MATERIAL PROVIDED.
::::::

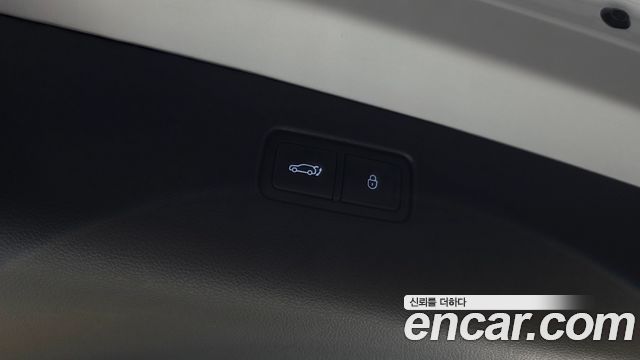 Genesis GV70 2023 — photo 24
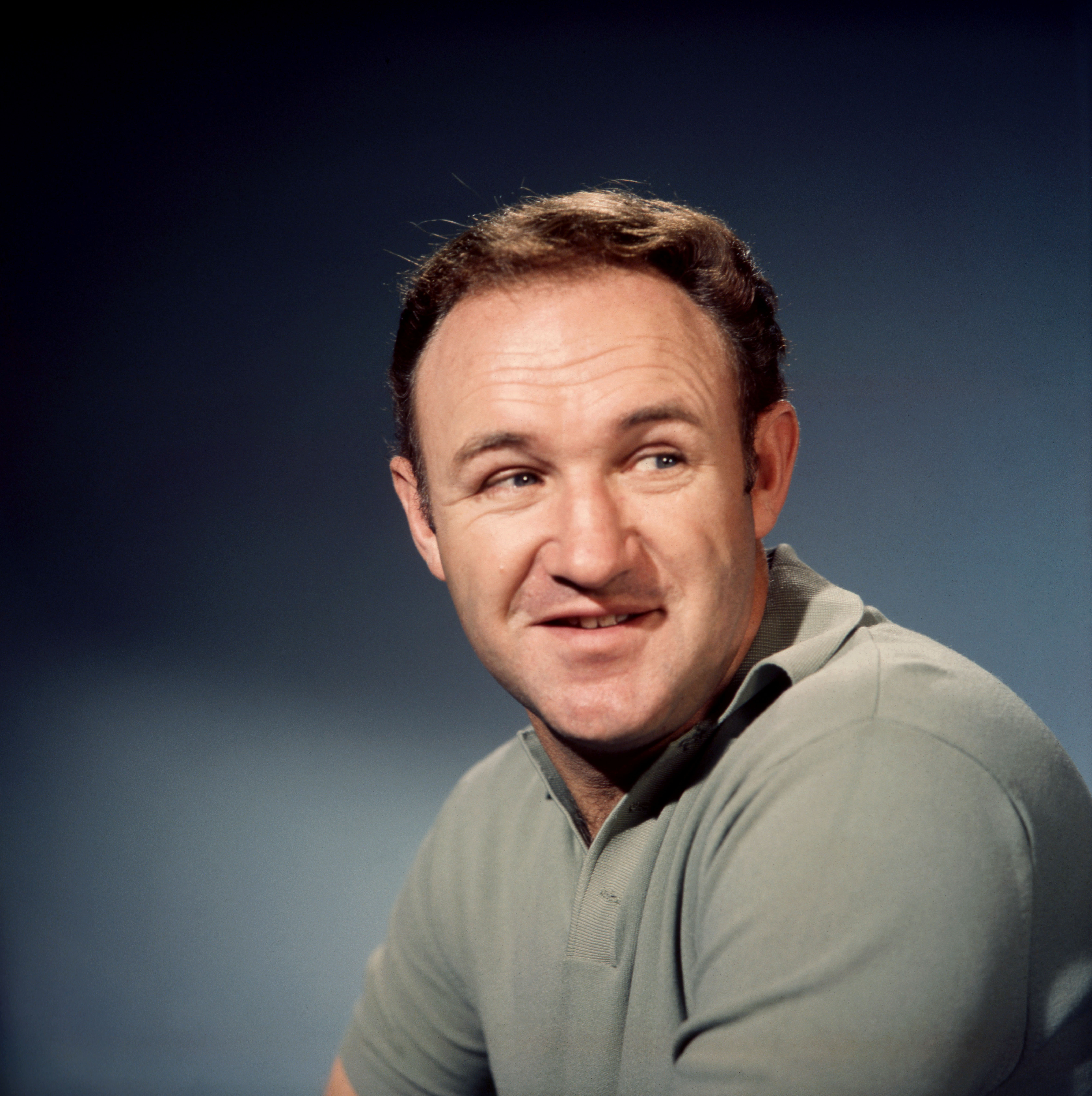 Gene Hackman posiert für ein Porträt, ca. 1965 | Quelle: Getty Images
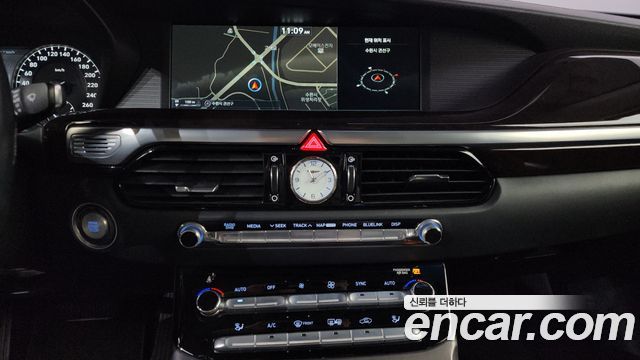 Genesis EQ900 2018 — photo 14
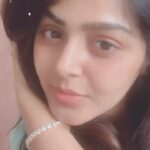 Monal Gajjar Instagram - Secret gift ochhindi ra….🎁 . . #love #gift #silver #bracelets #reels #trending #viral #gratitude #monalgajjar #imqueen👸🏻👑
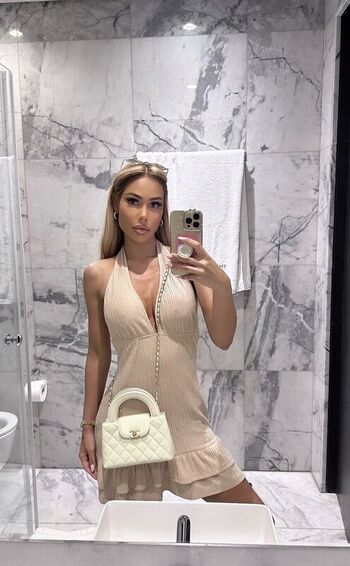Leaked Merelblaze private photo viral onlyfans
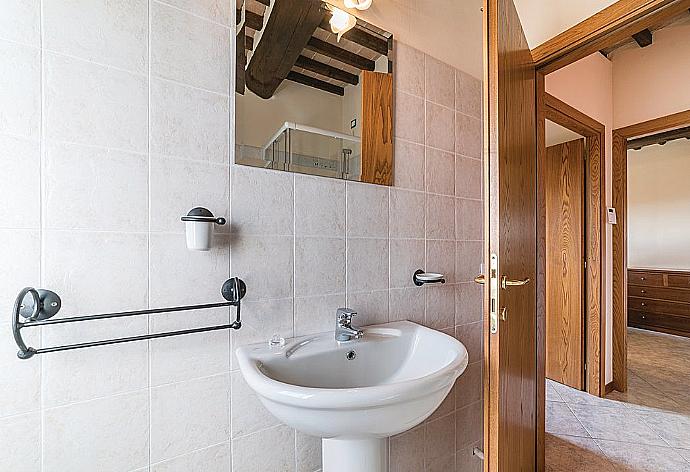 Family bathroom with shower . - Villa San Lorenzo . (Galería de imágenes) }}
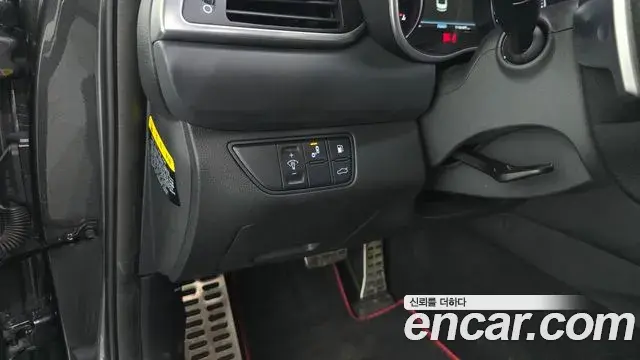 Genesis G70 2018 — ფოტო 23/33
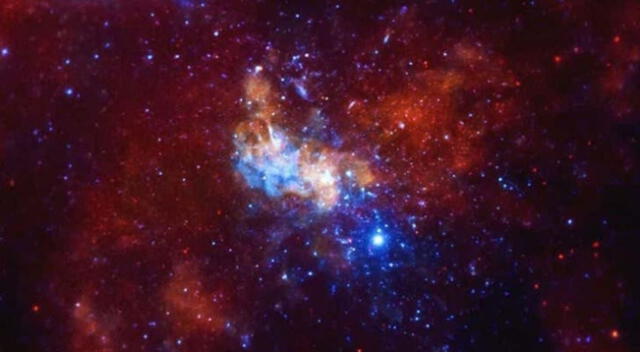Expertos de la Nasa captaron las imágenes del choque entre la galaxia Andrómeda con la Vía Láctea.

::::::

TO DO.
Your answer should reproduce every line of the data verbatim and include no images.

RESPONSE BOX.
 Genesis GV70 2023 — photo 24
 Gene Hackman posiert für ein Porträt, ca. 1965 | Quelle: Getty Images
 Genesis EQ900 2018 — photo 14
 Monal Gajjar Instagram - Secret gift ochhindi ra….🎁 . . #love #gift #silver #bracelets #reels #trending #viral #gratitude #monalgajjar #imqueen👸🏻👑
Leaked Merelblaze private photo viral onlyfans
 Family bathroom with shower . - Villa San Lorenzo . (Galería de imágenes) }}
 Genesis G70 2018 — ფოტო 23/33
Expertos de la Nasa captaron las imágenes del choque entre la galaxia Andrómeda con la Vía Láctea.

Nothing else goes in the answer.